The one thing that Barack Obama has said about war and peace that everyone remembers — because his campaign won’t let us forget — is his 2002 speech opposing the war in Iraq. While other Democrats were lining up behind President Bush’s ill-conceived invasion, Obama said: “I know that even a successful war against Iraq will require a U.S. occupation of undetermined length, at undetermined cost, with undetermined consequences. I know that an invasion of Iraq without a clear rationale and without strong international support will only fan the flames of the Middle East, and encourage the worst, rather than the best, impulses in the Arab world, and strengthen the recruitment arm of Al Qaeda.” Four thousand American lives (and $600 billion) later, it’s obvious he was right.

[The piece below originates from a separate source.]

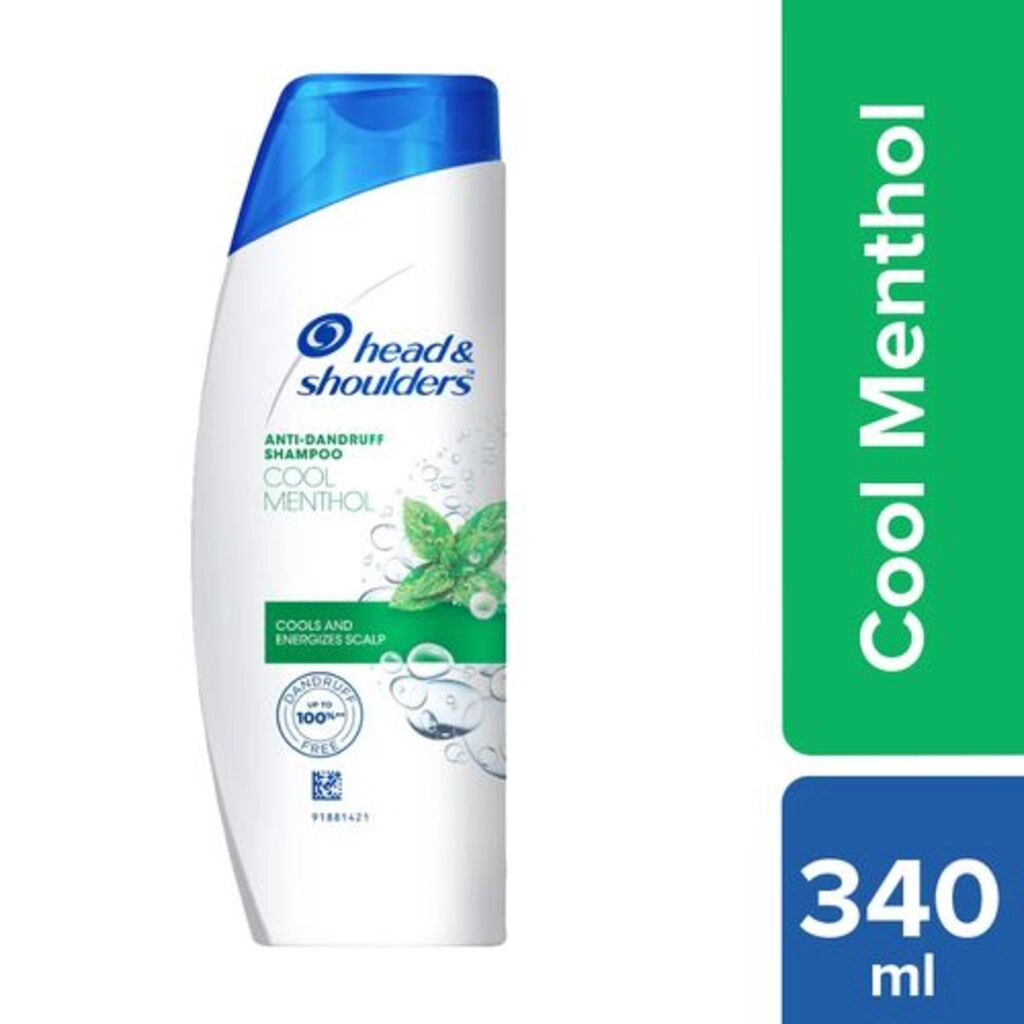 Cool Menthol Anti Dandruff Shampoo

Obama’s admirers often leave out the next two sentences in the 2002 speech: “I am not opposed to all wars. I am opposed to dumb wars.” However, that comment appears to reflect his actual views, since he went well beyond what other Democratic candidates said in insisting he would attack Al Qaeda strongholds in Pakistan with or without the permission of the Pakistani government. In a July 2007 essay in Foreign Affairs, Obama called for reinforcing U.S. troops in Afghanistan, pressing NATO to send more forces, and pressuring the Pakistanis to prosecute the campaign against the Taliban more vigorously.
The national-security framework Obama set forth in the Foreign Affairs essay was strikingly similar to ideas that George W. Bush advanced as a presidential candidate in 1999 — ideas about revitalizing the military for new challenges, retooling the intelligence community, halting the spread of nuclear weapons, and combating global terrorism. Obama’s approach to pursuing those objectives would undoubtedly look different from the Bush agenda. But once you get beyond Iraq and global warming, Obama and McCain don’t seem all that different in the way they view the world. After serving on the Senate Foreign Relations, Homeland Security, and Veterans’ Affairs Committees for several years, Barack Obama has assimilated the key features of the emerging security environment. He wouldn’t need the kind of education George W. Bush did in 2001 to be a competent Commander in Chief.